The song, praised for blending Pop, R&B, and Amapiano, has already proven its global power, after dominating online and scooping the Afrobeats category at the 2025 MTV Video Music Awards. This year, she beat heavyweights including Burna Boy, Davido ft Omah Lay, Eddy Kenzo, Mehran Matin, and Ayra Starr ft Wizkid.

Tyla is winning. No debate. But her win also reopened a bigger conversation, one that African music fans have been raising for years: Do the Grammys actually know what “African music” is?

A Big Win… Quietly Announced

Here’s the uncomfortable part: Tyla’s win didn’t make the main televised Grammy broadcast.

The award was announced during the premiere ceremony, the pre-show, where many categories are handed out away from the global spotlight. For a category supposedly designed to celebrate African excellence, that kind of sidelining feels like a contradiction.

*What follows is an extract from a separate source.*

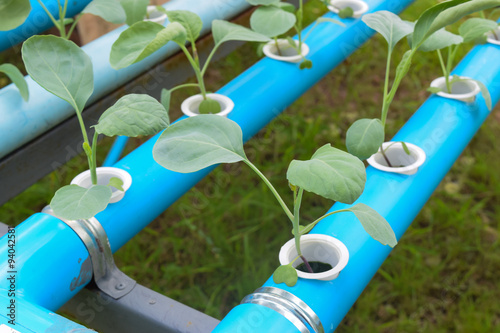 Agriculture Industry of young green hydroponics vegetable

Backstage, Tyla didn’t hide her disappointment.

“I’m so mad. Like, I almost made it.”

That one sentence said everything.

2026 Grammys: See The Full Winners & Nominees List

“African Music” Is Not One Sound

Africa has 54 recognised countries, thousands of languages, and countless musical traditions. Yet the Grammys’ approach still flattens all of that into one label.

The category claims to represent subgenres like:

– Afrobeats

– Afro-fusion

– Alté

– Amapiano

– Genge

– Fuji

– Ghanaian drill

– Afro-house

– South African hip-hop

– Ethio-jazz

…but the nominations have consistently leaned toward the most globally marketable sounds, and mostly from Nigeria and South Africa, the continent’s two biggest commercial music hubs.

That doesn’t mean the winners aren’t deserving. It means the system is narrow.

What This Means For Amapiano

Tyla’s win is also a major moment for Amapiano, whether the Grammys fully acknowledge it or not.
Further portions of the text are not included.